# Harbor Freight Press Lift



## chip maker (Sep 27, 2015)

This was an almost all day update as I was building it as I went along. I had the idea a while ago so purchased the cable but everything else I had in house. This turned out to be a very simple fix to lift the table to different heights. I no that a 12 ton press isn't all that heavy but this makes it a lot less work. I haven't completely finished because I still want to come up with a better stop that just the small 1/4in bar stock. I'm going to sleep on that tonight and may be by morning I'll have an answer. I hope that someone else can use this idea because it was easy and very inexpensive to put together. Thanks


----------



## johnlesar (Sep 28, 2015)

Just like the Dake press at the shop I work at.


----------



## middle.road (Sep 28, 2015)

Anything goes when making it easier. The casters are a neat idea.
I need to do something like that with the table on my Duro drill press.
It always binds when you're trying to raise it and that puts a bit too much stress on the ol' back. 
I've got an old boat trailer winch I may someday adapt to it.
If I ever get another drill press it WILL have rack & pinion left on it. Ah, the things we learn as we go along.

_Dan


----------



## davidh (Sep 28, 2015)

nice problem solver ya are. . .


----------



## ch2co (Sep 28, 2015)

middle.road said:


> Anything goes when making it easier. The casters are a neat idea.
> I need to do something like that with the table on my Duro drill press.
> It always binds when you're trying to raise it and that puts a bit too much stress on the ol' back.
> I've got an old boat trailer winch I may someday adapt to it.
> ...




Dan
I've got an old craftsman drillpress that I plan to do this very thing on. Same problem, its not the drillpress table, its my antiquated old back.

Chuck the grumpy old guy


----------



## middle.road (Sep 28, 2015)

ch2co said:


> Dan
> I've got an old craftsman drillpress that I plan to do this very thing on. Same problem, its not the drillpress table, its my antiquated old back.
> 
> Chuck the grumpy old guy



Heck, even (20) years ago when I picked up this press, the table was a PITA.
Of course there's the matter of making it worse when I would mount the X-Y table to it. 

_Dan


----------



## ch2co (Sep 28, 2015)

See!  If you'd gotten an X,Y,Z  table to mount on it, you wouldn't need to stress out your back!  

Chuck the grumpy old guy


Sent from my iPhone using Tapatalk


----------



## hdtech (Sep 30, 2015)

Very very cool idea


----------



## reece (Mar 2, 2016)

Looks good!  I will be making one these for my press soon.


----------



## roadie33 (Mar 2, 2016)

How do you like the little 12 Ton from Harbor Freight?

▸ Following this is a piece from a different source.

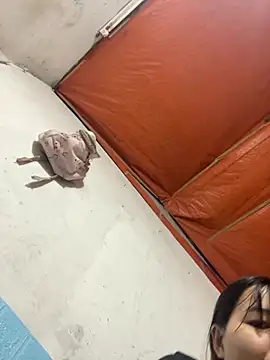 Nini-an online show from March 2026 06:57:01 PM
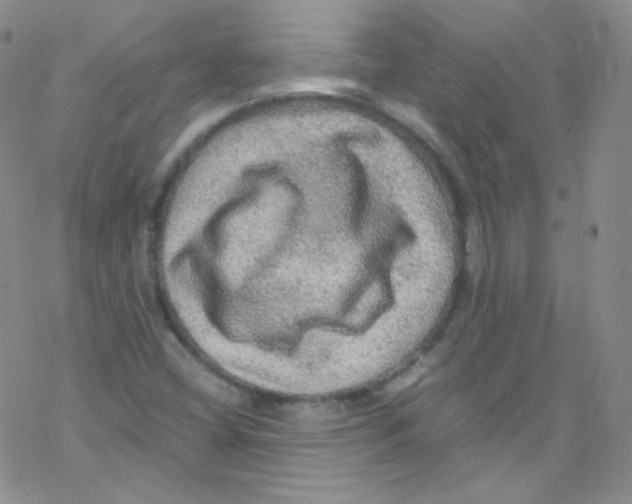 X0000076351404200610272108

I've been looking at them and can't decide on the 12 or 20 Ton.


----------



## FOMOGO (Mar 2, 2016)

Nice job. Really need to do that on my 20T. Mike


----------



## chip maker (Mar 2, 2016)

I think that the 12ton will do what I need it too. Also when I purchased it I had a coupon and the 12ton was only $99.00 I couldn't put the steel together to make one for that price. I was also on the fence over the 20ton but guess you already know how that played out. !!!! I know many on this site don't seem to care much for some of the HF stuff but I guess I have just been lucky. I had also purchased their large tile saw and it works very good except for having to get a better blade but I knew that going in so wasn't a surprise.  This lift works good and am glad I did it as now I have the lift part shimmed and it doesn't rattle around. Just made it a lot easer raising the darn thing with one hand instead of two.


----------